MacInnes writes science beautifully. The description of microscopic organisms, the power of evolution or the vast content of Voyager 1 are as flowing as you’ll find in any good coffee table science book – it makes the world around us come alive. Sadly, MacInnes seems always reluctant to have any actual action on the page. The pacing is baggy, slow and curiously loves to skip things. A character disappears and no explanation given; we suddenly find there is an environmental protest about the nature of Leigh’s work that makes plot points happen but comes out of nowhere and a spaceship goes one way and then we find goes the other. While Leigh is very well portrayed, and we get to understand her in the first half of the novel all the other characters appear cyphers – able to do the traditional long exposition as conversation scenes but really feel for the most part functional rather than human beings. I didn’t care about them or their fates. The mission is ultimately however well described a fairly routine science fiction plot at this point, and you can guess where it goes and indeed it does

Without getting too spoiler I’m also slightly troubled by how Leigh a woman shaped by abuse into someone who runs from her family, her partner and any real connection ends up more the observer and sacrifice to what happens next. There is no growth to Leigh in the novel and the idea that her childhood helps her to achieve just being at the book’s finale is for me a waste of a character and raises a troubling question of is it ok for Leigh to effectively disappear rather than be allowed to grow and make her own choices? Her passivity in the end for me really felt like MacInnes didn’t know what to do next so we will end on an ellipsis. Doctor Who’s conclusion to the episode Earthshock was way more interesting and I’ll leave it at that.
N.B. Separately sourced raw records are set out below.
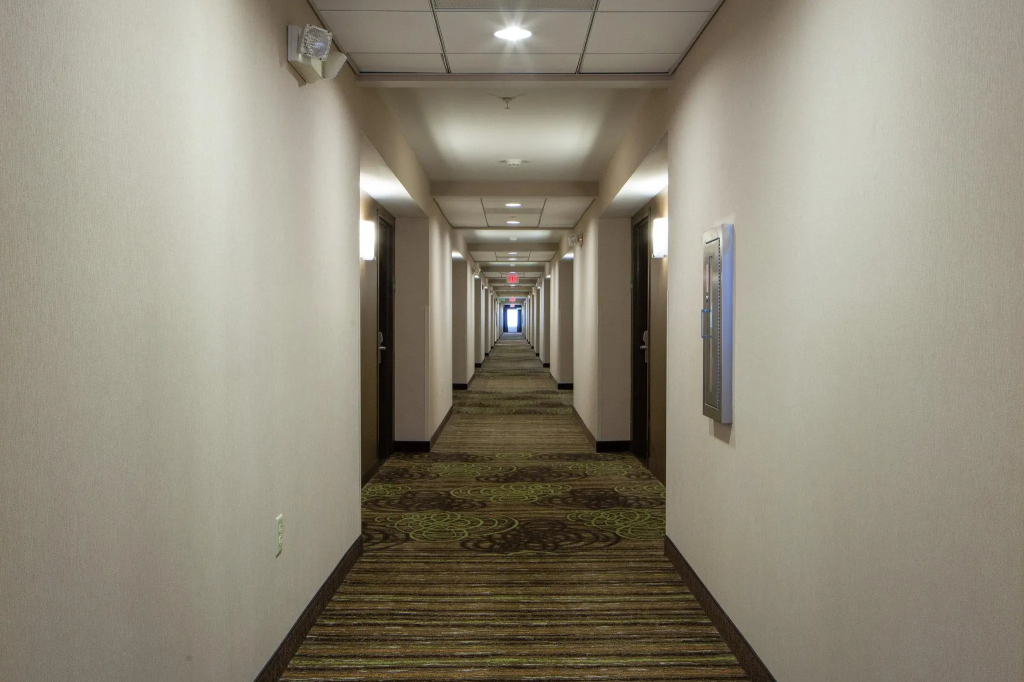 Holiday Inn Bloomington-Airport by IHG - фото 17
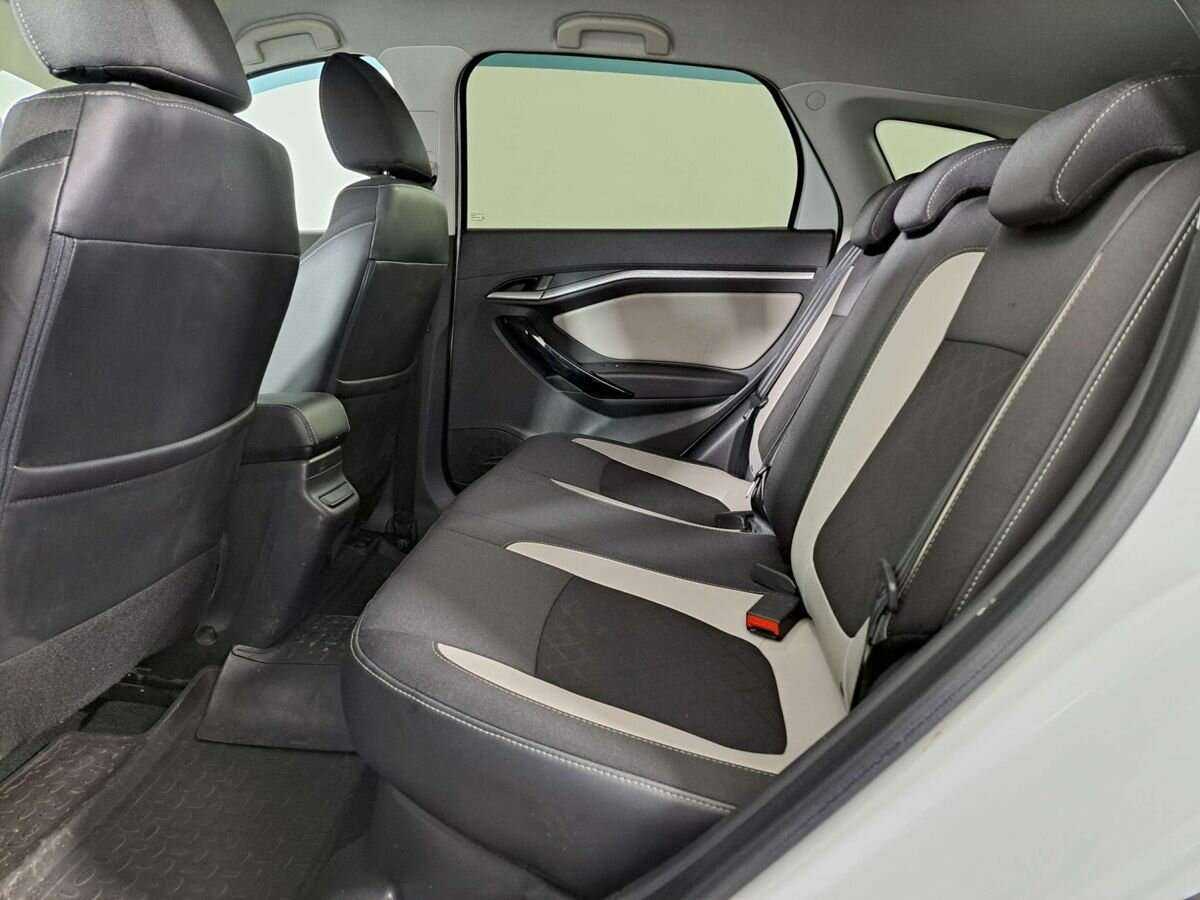 Б/У Лада (ВАЗ) Веста 2018 года. Фото: #9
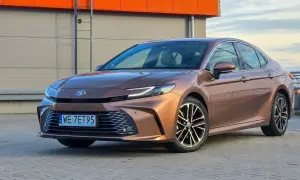 Brązowa Toyota Camry prezentuje się elegancko. Wiele osób chwali ten model, a opinie o Toyota Camry są zazwyczaj pozytywne.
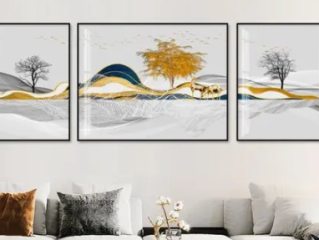 客厅挂画距离天花板多高合适?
But ultimately for me the autobiographical style the first half of the novel unwinds the book as Leigh’s future becomes apparent. It no longer fits the story as I was asking myself exactly who was she writing to?

I’m conscious writing this that In Ascension has just won the Clarke Award, so clearly some feel differently about the book,  but while I can appreciate the language and the first half really is a very good start , for me, the complete reading experience was a touch disappointing with a feeling that underneath the unique character voice, flowing language and some interesting ideas there ultimately feels just a very simple space travel tale we’ve seen before. Worth a read but I suspect will not be one people will keep coming back to.